The Boutet gun is a particularly special example from the cache of 11 magnificent weapons given by Napoleon to Carlos IV of Spain in 1802, says Edward Impey.
The Boutet gun was rather special, and one of 11 guns given by Napoleon to Carlos IV of Spain. Edward Impey, director general and master at the Royal Armouries Museum, Leeds explains its significance in another installment of our historical hunting weapons series.
In 1802 The King of Spain, Carlos IV, received a wonderful gift from his ally Napoleon to cement the third Treaty of San Ildefonso. The deal returned Louisiana to France and gave Carlos Tuscany. But, crazy about shooting, it was the gift of 11 magnificent guns that he prized the most. This Boutet gun, acquired by the Royal Armouries in 1942, is one of them.
The maker was Nicolas-Noël Boutet (1761-1833), one of the greatest gunsmiths of all time. He was a consummate survivor who worked for successive royal, republican and imperial governments. In 1793 Boutet’s atelier, later the Manufacture Nationale d’armes à Versailles, was established in the outbuildings of the former royal palace.
Most of its output was for the military. But Boutet’s speciality was fabulous armes de luxe. His official brief was “to surpass everything else ever made and reach a level of perfection that foreign countries will despair of”. His success lay partly in his dual role as director and chief designer. It earned him the unique title of Directeur artiste, as engraved on the lockplate of this example.
Carlos’s gift consisted of:
- two rifles (carabines) of different and complex forms
- two pistolets de combat
- a fusil double (double-barrelled fowling piece)
- six fusils simples (single-barrelled smoothbores)
The importance attached to these instruments of diplomacy is shown by their staggering cost of 130,000 francs (about £5,000,000 today).
The Armouries’ Boutet gun is one of the fusils simples, of 16mm or 18-bore, 136cm long and weighing 5lb 12oz – a light, delicate and exquisite object. The decoration of the Boutet gun is largely in the obsessively classical Directoire style. Its subject matter chosen to match the status of the recipient and the object’s purpose.

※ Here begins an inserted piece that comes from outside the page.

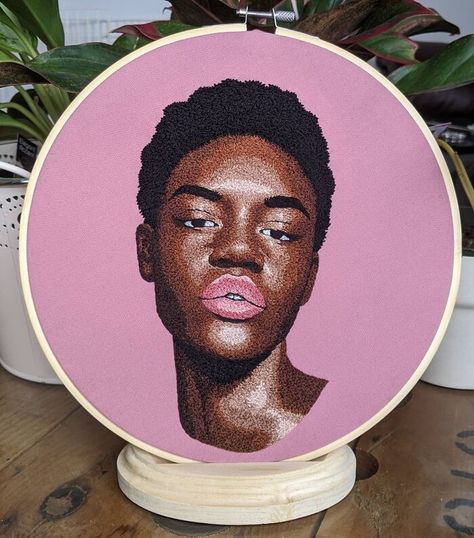 My Most Recent Embroidery! Im So Proud Of It ! Embroidery Faces, Stitch Portrait, Portrait Embroidery, Embroidered Portrait, Hand Embroidery Kits, Bee Embroidery, Embroidery Works, Hand Embroidery Projects, Thread Painting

Details include a relief figure (silver on a gold background) of the goddess Diana, with hound, bow and quiver on the finial. Also a boar-hunt in Graeco-Roman style on the left lockplate and a Medusa head and trophy of the Liberal Arts on the trigger guard and a trophy of Roman arms on the butt plate. A golden fox on the lock plate attacks a golden hound. The contemporary mania for all things Egyptian left its mark in the three-dimensional ebony caryatid on the underside of the grip. The recipient is personally acknowledged by the escutcheon plate bearing a crowned “C” and his portrait, framed by attributes of royalty, at the ramrod socket.
Whether Carlos ever used this gun is unknown. But we can imagine him walking-up his quarry, accompanied by his bearers and loaders, revelling in the style and splendour of his fabulous present.